Mystic Mantra: You are God's temple
At a basic level, temple is symbolic of God's abode.
King Janaka of ancient India was greatly revered for his holiness. Once, while listening to a wise guru together with others, a herald announced: “The king’s palace is on fire!” Everyone rushed to the palace since they had friends working there or fields around it. King Janaka sat unmoved. Thinking that Janaka hadn’t heard him, the herald cried louder: “Your palace is burning!” The king calmly replied: “Let it burn! It’s more important that I become holy by heeding my guru rather than saving my palace.” The king was aware that personal holiness was far more precious than any concrete structure.
The Bible has myriad images of temple — visible, invisible, geographical and personal. At a basic level, temple is symbolic of God’s abode. However, the omnipresent God cannot be confined within the walls of any temple. Thus, King Solomon — who builds God’s temple — acknowledges the impossibility of imprisoning God therein, saying: “Will God indeed dwell on the earth? Even the highest heaven cannot contain you, O God, much less this temple that I have built!”
Biblical imagery has this paradox of portraying God as both, present in the temple, as well as being present everywhere. Therefore, the earth and all of creation is sacred — regarded as God’s abode. Temple is also the place to communicate and enter into communion with God. It is a cosmic centre. Ezekiel describes Jerusalem’s temple as “centre of the nations” and “navel of the earth”.
Since the temple represents God’s house, sacred geography of religious traditions holds that the nearer one gets to the sanctum sanctorum or the garbhagriha, the greater holiness one encounters. Social hierarchies also either allow or disallow one’s access to sacred space.
The gospels contain a startling narrative of Jesus driving out the money-changers and merchants from the temple, profiting from religious commercialism, saying, “Stop making God’s house a marketplace!” Moreover, to a socially-stigmatised Samaritan women, he says: “The time is coming when believers will worship God not in any temple, but in spirit and in truth.”
After Jesus’ resurrection, in the absence of any mortar-and-brick church for community prayer, Paul tells believers: “You are God’s temple!” Likewise, Peter teaches: “Let yourselves be built into a spiritual house,” meaning, temples and churches are neither built by bricks nor as institutions but rather by hearts and as “body” of believers.

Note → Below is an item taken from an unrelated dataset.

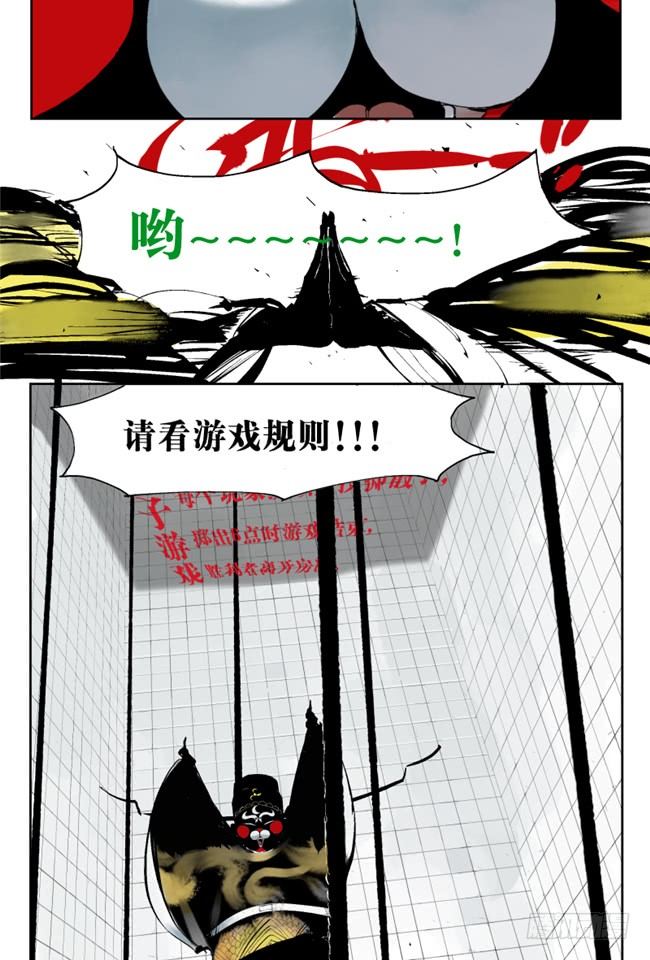 第2话 勿妄言4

The Brihadaranyaka Upanishad speaks of the divine internal principle, the Antarayamin present within believers, which is God’s spirit: The Divine Indweller that someone harmonises our hearts with melodies of love, joy, forgiveness and peace.
Amidst oft-emerging disputes over sacred space — masjids, churches, mandirs and gurdwaras — it might help us all to look into the eyes of our neighbours, whispering: “You are God’s temple!”